Sin el movimiento estudiantil de 1968 no se explica nuestra transición democrática que logró remontar un régimen cerrado, de partido hegemónico, para arraigar un modelo donde la pluralidad ideológica dejó de ser testimonial en las elecciones y el voto un formalismo cosmético para legitimar resultados que estaban definidos de antemano hace ya algunas décadas. Antes de aquella movilización estudiantil, la democratización de la vida pública o la alternancia en el poder político lucían lejos de nuestro alcance; no había condiciones en ese México para suponer cambios pacíficos e incluyentes a través de las urnas.

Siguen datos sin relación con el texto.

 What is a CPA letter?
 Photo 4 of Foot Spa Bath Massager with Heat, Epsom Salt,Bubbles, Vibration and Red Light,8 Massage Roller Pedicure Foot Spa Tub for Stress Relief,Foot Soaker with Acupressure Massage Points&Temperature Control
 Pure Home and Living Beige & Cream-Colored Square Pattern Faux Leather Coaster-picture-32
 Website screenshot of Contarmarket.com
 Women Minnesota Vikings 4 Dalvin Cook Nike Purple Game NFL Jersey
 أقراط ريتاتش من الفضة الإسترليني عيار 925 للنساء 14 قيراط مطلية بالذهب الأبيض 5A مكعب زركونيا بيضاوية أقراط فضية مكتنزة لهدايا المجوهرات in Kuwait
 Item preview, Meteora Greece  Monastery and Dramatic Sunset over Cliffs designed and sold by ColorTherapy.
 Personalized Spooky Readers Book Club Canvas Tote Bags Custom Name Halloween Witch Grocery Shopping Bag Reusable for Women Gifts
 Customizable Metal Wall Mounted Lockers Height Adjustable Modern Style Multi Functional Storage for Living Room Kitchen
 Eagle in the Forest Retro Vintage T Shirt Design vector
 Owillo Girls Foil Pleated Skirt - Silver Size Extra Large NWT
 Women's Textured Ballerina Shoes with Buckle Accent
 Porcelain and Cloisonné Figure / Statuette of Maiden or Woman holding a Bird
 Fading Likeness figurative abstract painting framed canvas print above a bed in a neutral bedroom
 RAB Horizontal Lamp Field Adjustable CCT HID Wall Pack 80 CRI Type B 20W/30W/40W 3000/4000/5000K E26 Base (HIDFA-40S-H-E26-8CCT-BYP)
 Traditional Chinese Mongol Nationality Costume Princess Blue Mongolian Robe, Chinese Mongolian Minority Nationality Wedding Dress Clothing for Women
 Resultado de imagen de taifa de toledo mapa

Los estudiantes pedían en esencia justicia: habían sido constantemente lastimados por el abuso de fuerzas policiacas y entonces tomaron las calles, se fueron a huelga, exigieron diálogo público para discutir su pliego petitorio que incluía liberar a presos políticos, eliminar el delito de “disolución social” (que entonces se usaba discrecionalmente para encarcelar a disidentes), destituir a mandos de la policía capitalina, suprimir al cuerpo de granaderos, indemnizar a las víctimas de represión y castigar a funcionarios responsables de violencia contra estudiantes del IPN y la UNAM.
El gobierno desestimó todos los reclamos, sólo veía en ellos una conjura comunista para desestabilizar cuando los ojos del mundo estarían atentos a México porque estaban por iniciar los primeros juegos olímpicos celebrados en América Latina. En realidad, las demandas y manifestaciones estudiantiles no eran algo irracional o imposible de atender, pero la sola movilización era inaceptable para el gobierno. Antes de la brutal represión del 2 de octubre en la plaza de las tres culturas de Tlatelolco, el presidente Díaz Ordaz declaró que había sido tolerante con el movimiento “hasta excesos criticables”.
Hace 50 años, la matanza en la plaza no acabó ni con las demandas específicas ni con el fondo democratizador del movimiento estudiantil. Los jóvenes asesinados y la cárcel que se impuso a líderes universitarios fue un manotazo autoritario que pese a su brutalidad no logró sofocar el malestar social por los temas que se habían puesto sobre la mesa de discusión pública. Lejos de apagarse, las exigencias se convirtieron en bola de nieve que de una u otra manera se abrió paso para incidir en nuevas reglas y cambios políticos los años posteriores.
Las demandas originales del pliego petitorio no se olvidaron y se cosecharon cambios, no de forma inmediata ni tersa, pero poco a poco la razón fue ganando terreno y el 68 es lo que catalizó la nuez de las reformas clave que se adoptarían los años siguientes. El movimiento generó cuadros y pensamiento crítico que no quitaría el dedo del renglón, la clase política se vio forzada a ceder lo que había calificado de intolerable e iniciaron reformas a regañadientes en algunos casos y con talante democrático en otros.
En 1970 se concretó la derogación de los artículos del Código Penal que aludían al delito de “disolución social” (el 145 y 145 bis), en la reforma política de 1977 vinieron ajustes constitucionales para reivindicar la pluralidad, el derecho de asociación política, el derecho a la información. Con todos sus claroscuros, no puede desligarse la ruta de transición a la democracia que hemos recorrido del contexto de exigencia que marcó sin retorno lo ocurrido en octubre de 1968.
Sobre las peticiones de los estudiantes, Octavio Paz concluyó poco después de Tlatelolco que todas ellas “se resumían en una palabra que fue el eje del movimiento y el secreto de su instantáneo poder de seducción sobre la conciencia popular: democratización” (Posdata, 1970).
Muchos de los dirigentes encarcelados apostaron por competir en las urnas y ocuparon cargos legislativos o en distintos gobiernos, impensable cuando los golpeó la lógica autoritaria, impensable entonces la alternancia, la pluralidad, el ejercicio de libertades. La lucha no era por cargos, inmadurez o conjuras extranjeras, sino por democracia.